▶ [GIVEN MATERIAL]:
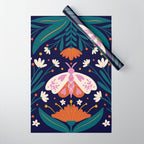 Folk Moth - orange and cream Wrapping Paper Gallery Image 1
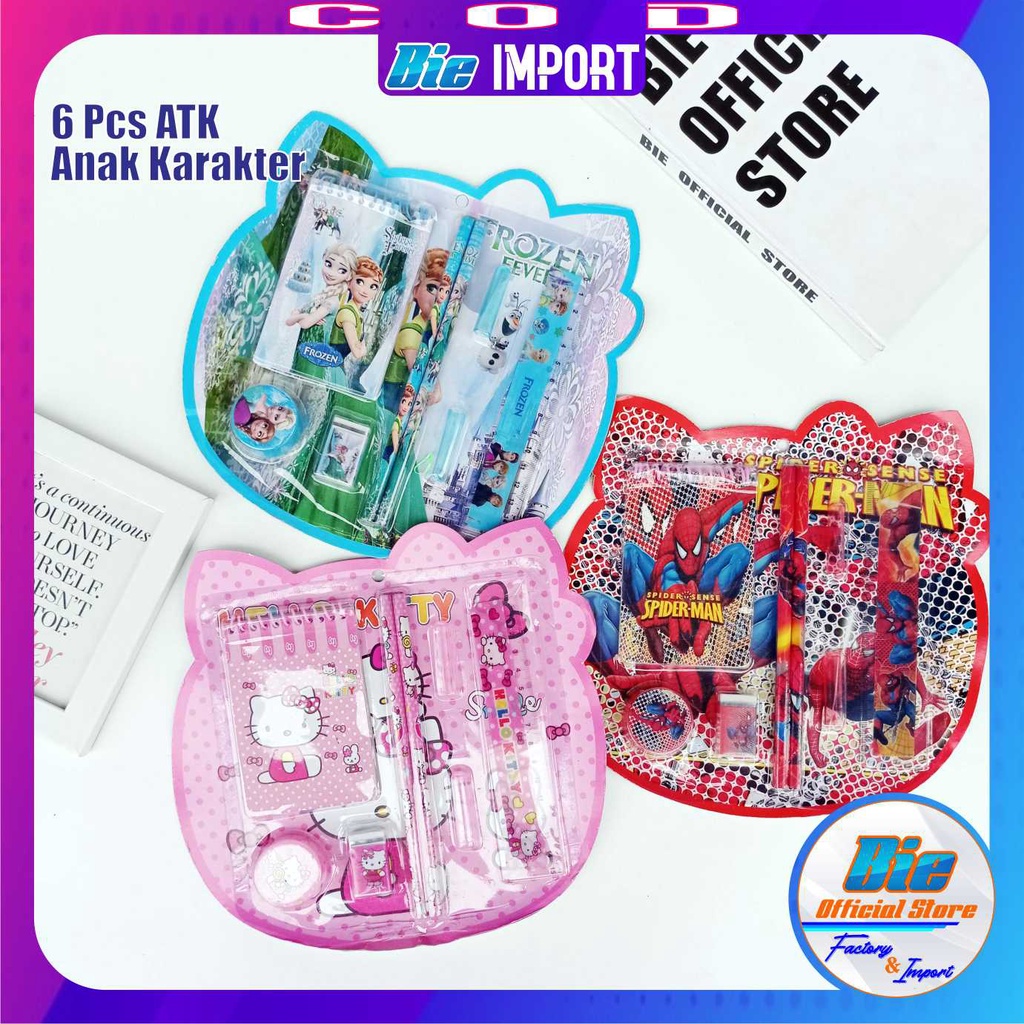 6 Pcs Alat Tulis Sekolah Anak Set Crayon Karakter Impor Best Seller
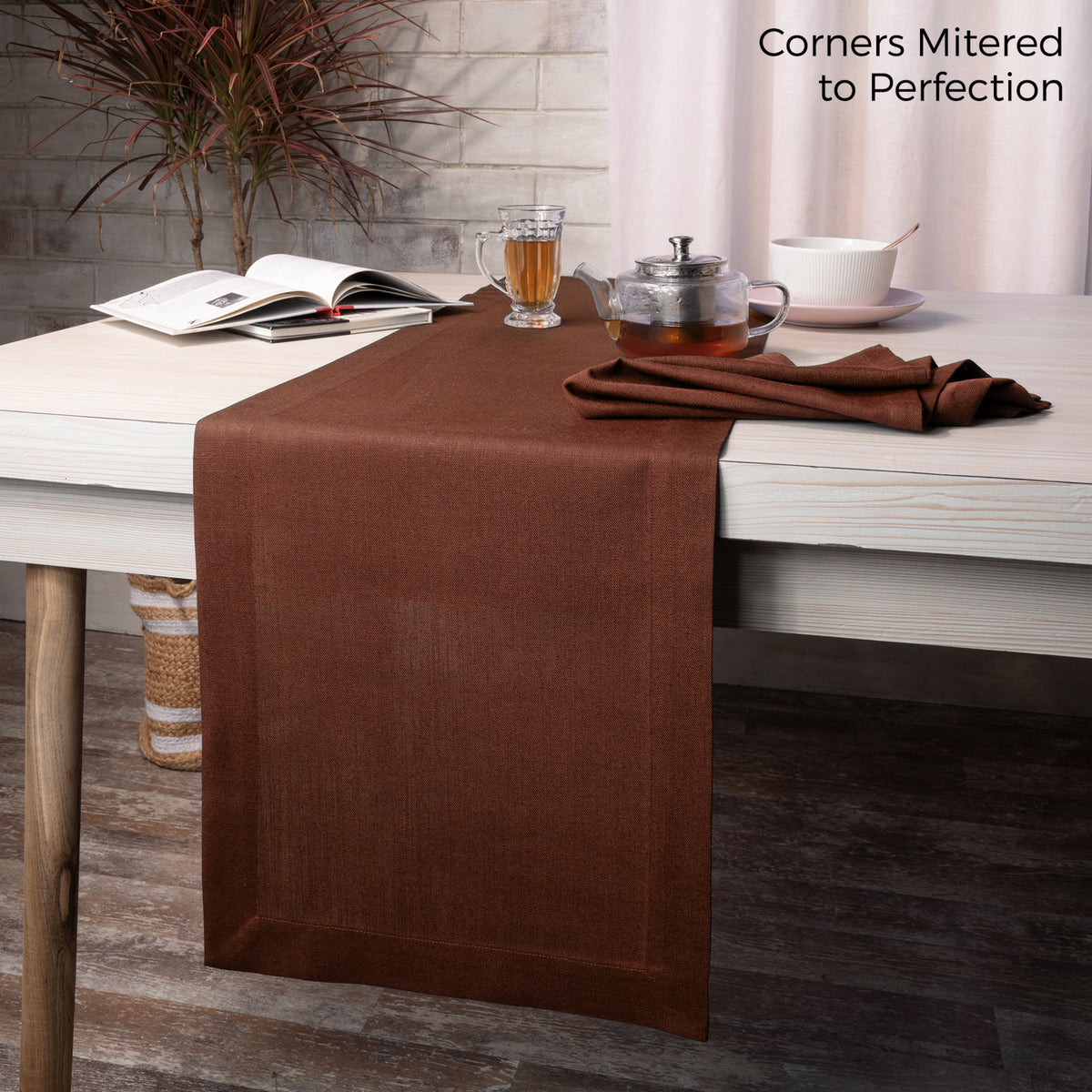 Brown Linen Textured Table Runner - Mitered Corner
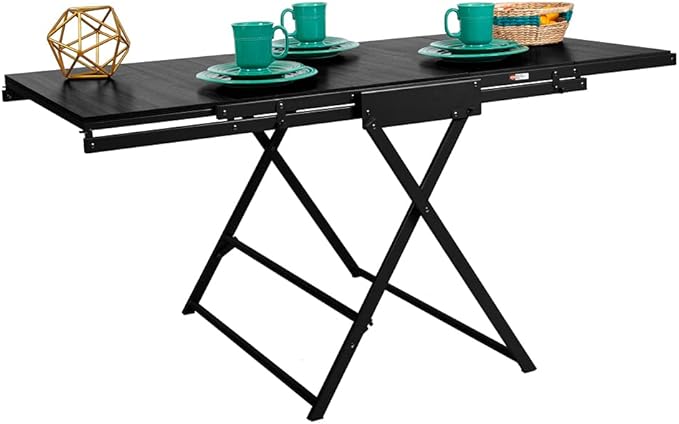 Origami Modern 2 in 1 Shelf to Table Style, Organizer Deco Rack Magically Turn to a Table/Desk in a Second, Fully Assembled, Patent Pending, Black(STT-BLKBLK)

▶ [PROBLEM REQUIREMENTS]: Whenever a picture appears in the listing, leave it out; copy everything else exactly.

▶ [ANSWER SECTION]:
 Folk Moth - orange and cream Wrapping Paper Gallery Image 1
 6 Pcs Alat Tulis Sekolah Anak Set Crayon Karakter Impor Best Seller
 Brown Linen Textured Table Runner - Mitered Corner
 Origami Modern 2 in 1 Shelf to Table Style, Organizer Deco Rack Magically Turn to a Table/Desk in a Second, Fully Assembled, Patent Pending, Black(STT-BLKBLK)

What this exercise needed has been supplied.